The championship game for the 2026 college football season is not slated to be played until Jan. 25, 2027. Everyone agrees that this is a problem, but no one has fixed it because of two issues:
1) The lack of courage, vision, foresight and overall chutzpah from the people currently occupying leadership positions within college football.
2) The Army-Navy game
Army-Navy moved to the second Saturday in December in 2009. It was a two birds/one stone move that gave one of college football's best rivalries a standalone spotlight on an afternoon that was otherwise free of FBS football. Times have changed. December is no longer a waiting game until a single championship game, and moving the championship game forward requires moving the entire playoff forward, which isn't possible so long as Army-Navy owns that afternoon. See Problem 1.
Since no one wants to come out and suggest moving Army-Navy and instantly be labeled a Troops Disrepecter, it would seen Army and Navy would have to volunteer to give up the second Saturday in December.
And in an interview with The Athletic, Army head coach Jeff Monken volunteered.
“I think Army-Navy is a huge part of the history of college football, and what it is today, even. Give us a four-hour block on Thanksgiving, or on Friday of Thanksgiving, or on Saturday of Thanksgiving, and give us a four-hour block, and just say nobody else plays during this four-hour block,” Monken said. “That’s still protecting the game.”
Moving Army-Navy to Thanksgiving weekend -- personally, I think the noon ET window on Black Friday makes the most sense -- would allow for the Barnett Plan to become reality. Moving the first round forward one week cuts two weeks off the end of the season.
Dec. 11-12: First round (campus sites)
Dec. 18-19: Quarterfinals (campus sites)
Jan. 1: Semifinals (Rose + rotating bowl sites)
Jan. 11: Championship game (neutral site)
Perfect? No. Better than what we've currently got? Absolutely.

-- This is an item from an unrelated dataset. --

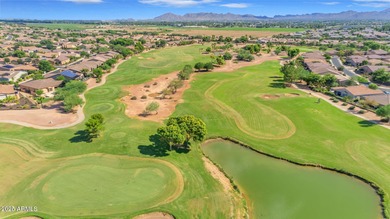 Wonderful home in the sought after Trilogy 55+ golf course on Trilogy Golf Club At Power Ranch in Arizona - for sale on GolfHomes.com, golf home, golf lot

Monken suggested the change partly due to charitable reasons, and partly due to selfish ones: as a member of the American Athletic Conference, Army very much wants to compete in the CFP itself, and playing Navy on the second Saturday in December is not conducive to thriving in the Playoff -- especially if/when it expands.

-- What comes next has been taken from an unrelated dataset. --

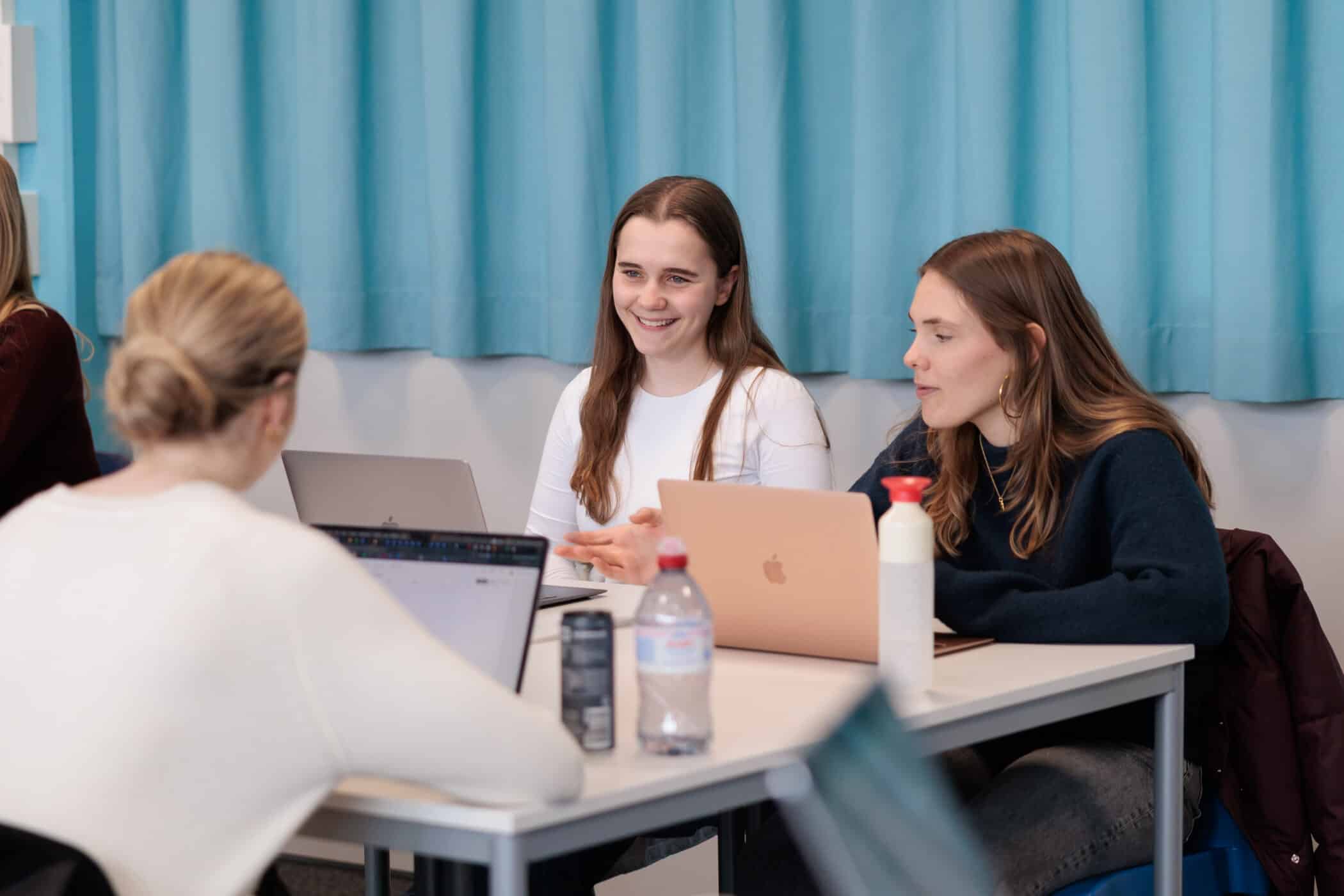 high school girls working together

“It is possible for us to be in the playoffs,” Monken said. “But the problem becomes is if they expand the playoffs, or they move the playoffs to start at an earlier date, that would essentially force us to say, OK, do you play in the playoffs, or you play the Army-Navy game. Well, what kind of decision is that? We want to do both. So the only way we can do both is to move the Army-Navy game to Thanksgiving weekend.”
Many would argue that this is only a half-measure in and of itself -- that a 12, 16 or 24-team CFP should begin the first weekend of December and conclude on Jan. 1. This ignores that the conference title games are owned by the conferences, and thus lucrative for them. The Ohio State-Indiana Big Ten Championship of undefeated teams drew 18.3 million viewers (more than both CFP semifinals) and the rematch of Alabama-Georgia in the SEC title game drew 16.9 million. Those leagues aren't giving up their title games without a fight. Also, the last FBS season to end on Jan. 1 proper was 1993. The FCS and Division III title games are now after Jan. 1 themselves. The networks -- i.e., the folks paying the bills in college sports -- generally want more football on television around the holidays, not less.
The FBS championship game will never be held on New Year's Day again, but it doesn't need to be on Jan. 25th, either. Hopefully, Monken's comments moved us one step closer to sanity.